## EXERCISE GOAL
Nothing but the lines from the one containing "Janasya Women's Orange" to the end of the data should be copied, exactly, and the pictures stay out.

## SUPPLIED MATERIAL
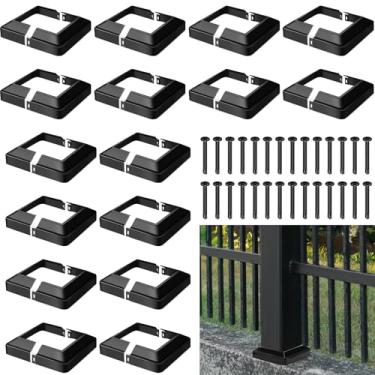 Imagem de Tandefio 16 peças 10 x 10 cm saia de poste de metal com parafuso, capa de base de mangas estilo dividido, colunas de varanda envoltórios base preta para cerca escada madeira mão e trilhos de escada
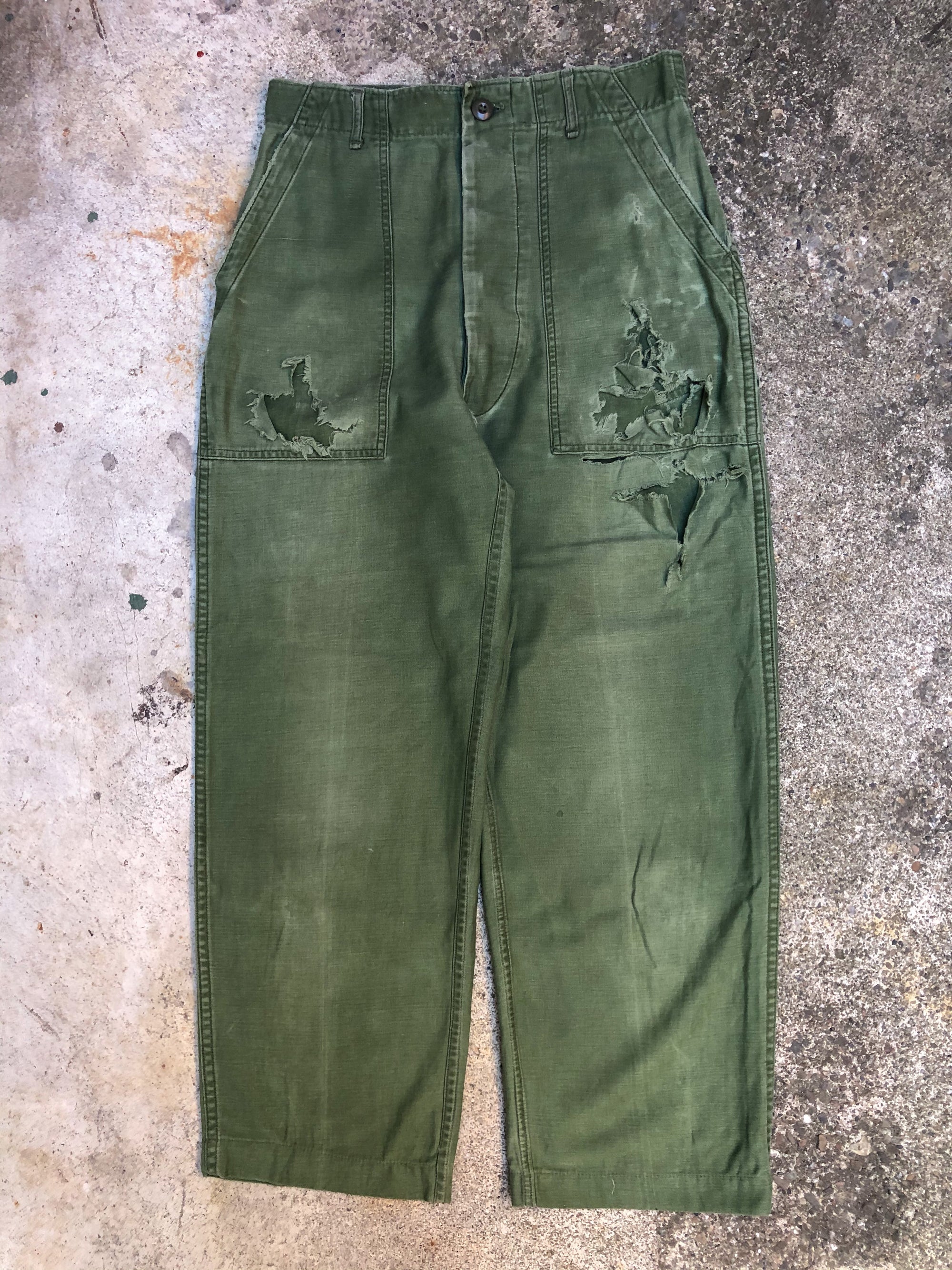 1960s Faded Blow Out OG 107 Military Pants (29X26)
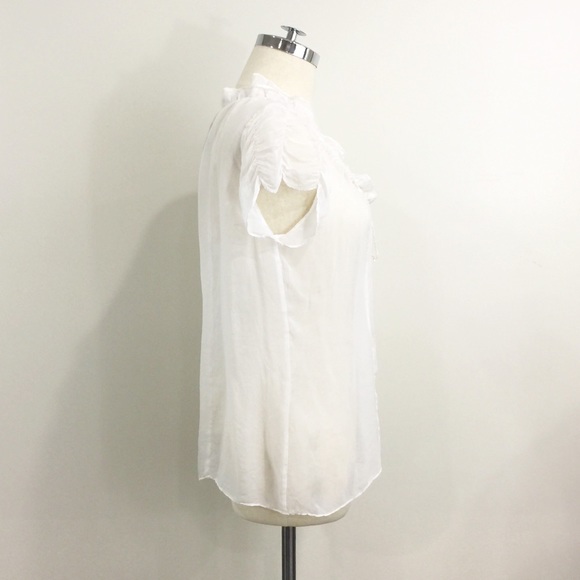 [ kenar ] white silk chiffon short sleeve blouse - Picture 4 of 8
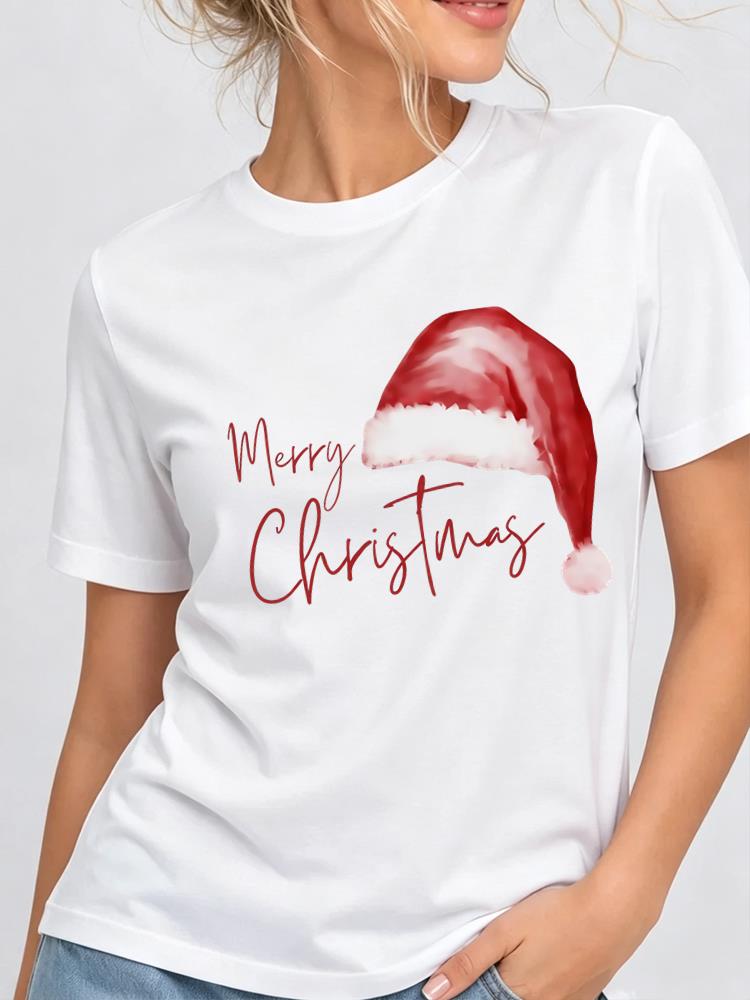 (Asian Size) Lovely Tree Style Christmas New Year Clothing T Shirt Women Fashion Festival Tee Top Print Female Woman Short Sleeve Graphic T-shirts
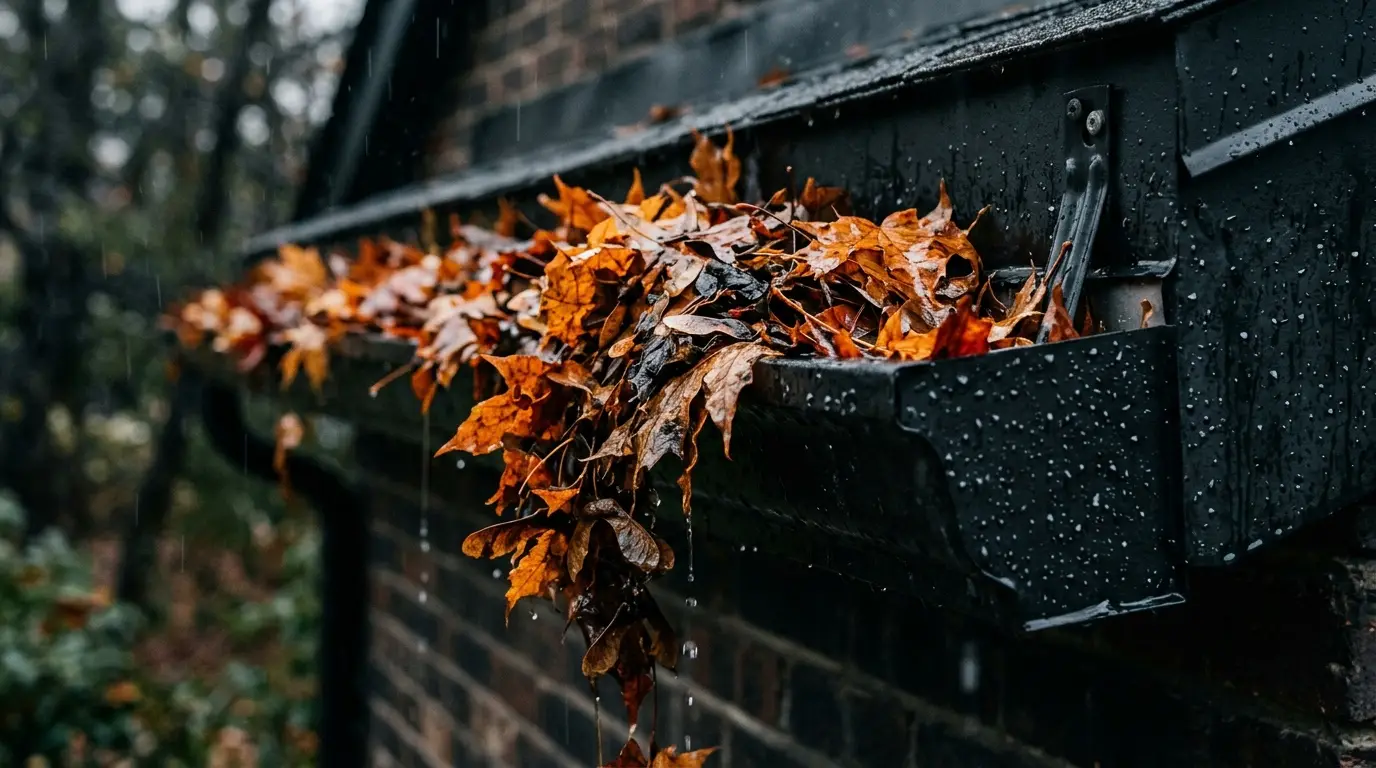 A gutter overflowing with wet autumn leaves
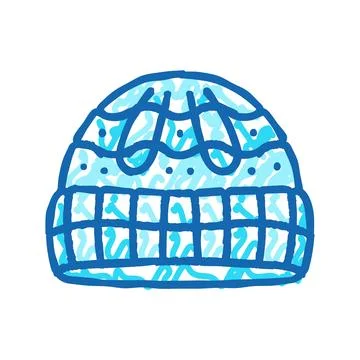 Hat knitting wool icon doodle illustration Illustrazione stock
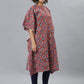 Janasya Women's Orange Cotton Floral Print Casual Kaftan Kurta - Swadesiicart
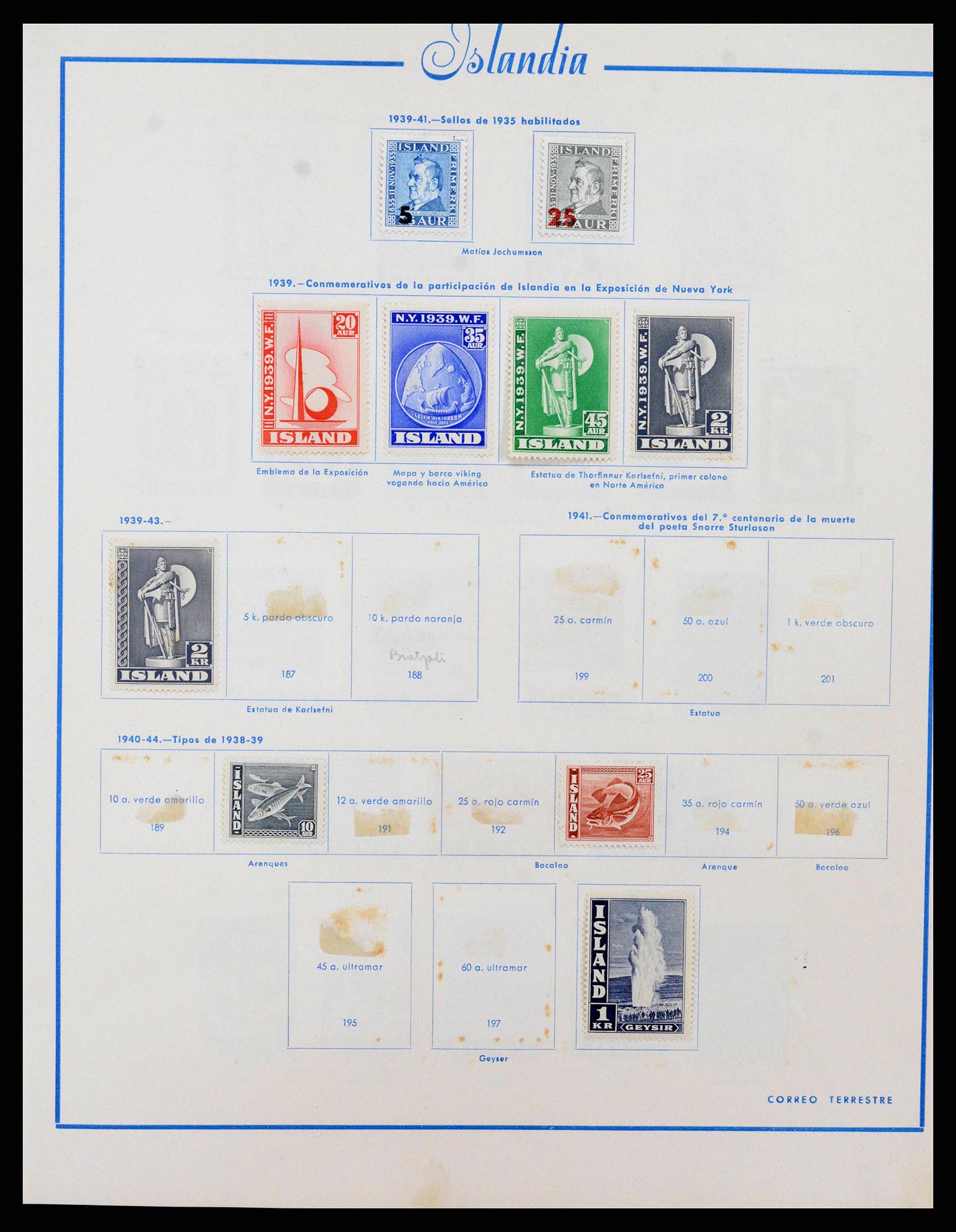38270 0007 - Postzegelverzameling 38270 IJsland 1873-1964.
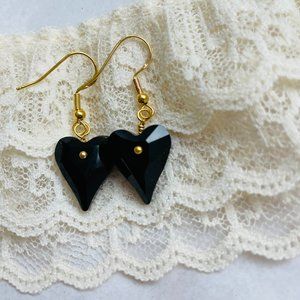 Black Heart Crystal Dangle Earrings 1.5” NEW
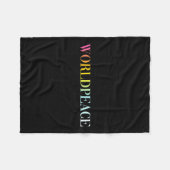 Wereldvrede (kleurrijke tekst) fleece deken (Voorkant (Horizontaal))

## THE ANSWER
 Janasya Women's Orange Cotton Floral Print Casual Kaftan Kurta - Swadesiicart
38270 0007 - Postzegelverzameling 38270 IJsland 1873-1964.
 Black Heart Crystal Dangle Earrings 1.5” NEW
 Wereldvrede (kleurrijke tekst) fleece deken (Voorkant (Horizontaal))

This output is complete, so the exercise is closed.